For the records below, please print exactly and only the lines from the one with "Oh no, my DOE" down to the one with "And basically what", both ends included, omitting the pictures.

| Data in this exercise |
Content starts

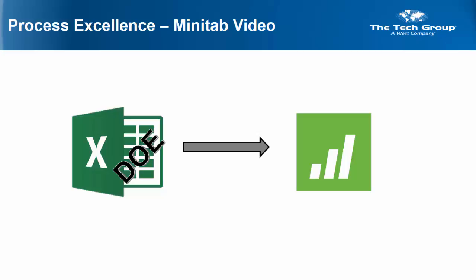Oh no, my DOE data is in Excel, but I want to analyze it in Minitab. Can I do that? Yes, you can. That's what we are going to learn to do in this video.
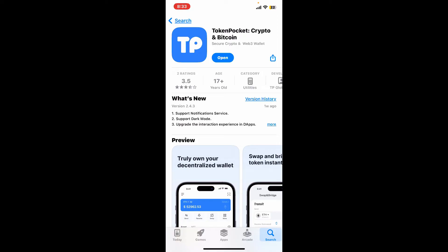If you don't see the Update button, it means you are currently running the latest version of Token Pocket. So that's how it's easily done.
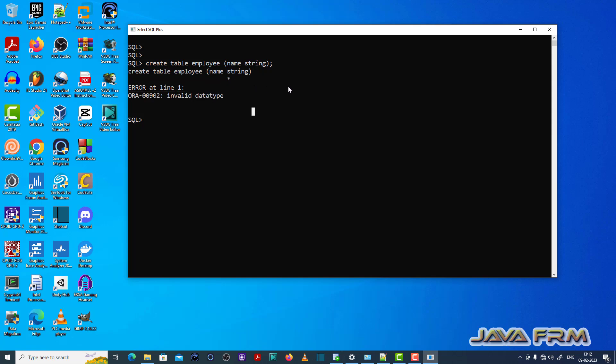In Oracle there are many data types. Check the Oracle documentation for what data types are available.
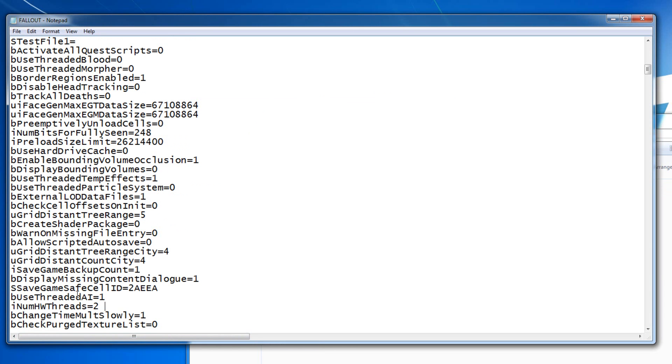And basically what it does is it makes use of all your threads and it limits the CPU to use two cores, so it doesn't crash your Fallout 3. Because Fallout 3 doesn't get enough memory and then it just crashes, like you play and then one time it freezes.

Content ends
Content starts

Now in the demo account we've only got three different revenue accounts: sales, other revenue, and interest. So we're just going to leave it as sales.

Content ends
Content starts

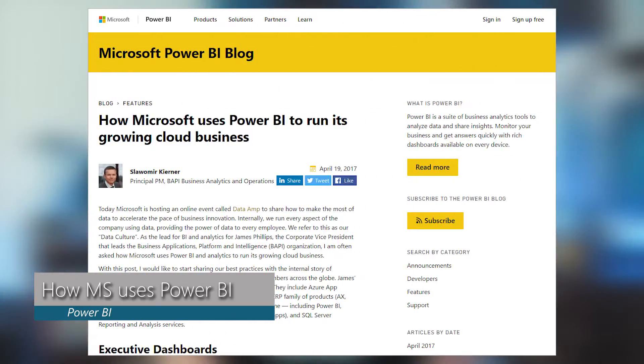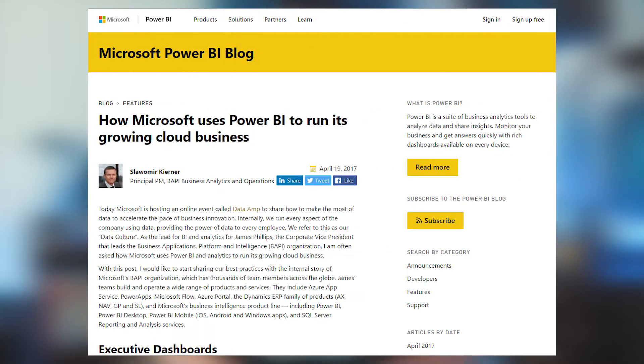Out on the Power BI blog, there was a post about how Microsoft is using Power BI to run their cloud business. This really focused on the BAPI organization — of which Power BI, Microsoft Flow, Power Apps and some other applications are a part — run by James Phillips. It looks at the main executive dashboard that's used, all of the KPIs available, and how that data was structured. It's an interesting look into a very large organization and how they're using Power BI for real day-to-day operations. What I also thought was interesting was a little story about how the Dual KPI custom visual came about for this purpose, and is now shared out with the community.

Content ends

| Solution to this task |
Oh no, my DOE data is in Excel, but I want to analyze it in Minitab. Can I do that? Yes, you can. That's what we are going to learn to do in this video.
If you don't see the Update button, it means you are currently running the latest version of Token Pocket. So that's how it's easily done.
In Oracle there are many data types. Check the Oracle documentation for what data types are available.
And basically what it does is it makes use of all your threads and it limits the CPU to use two cores, so it doesn't crash your Fallout 3. Because Fallout 3 doesn't get enough memory and then it just crashes, like you play and then one time it freezes.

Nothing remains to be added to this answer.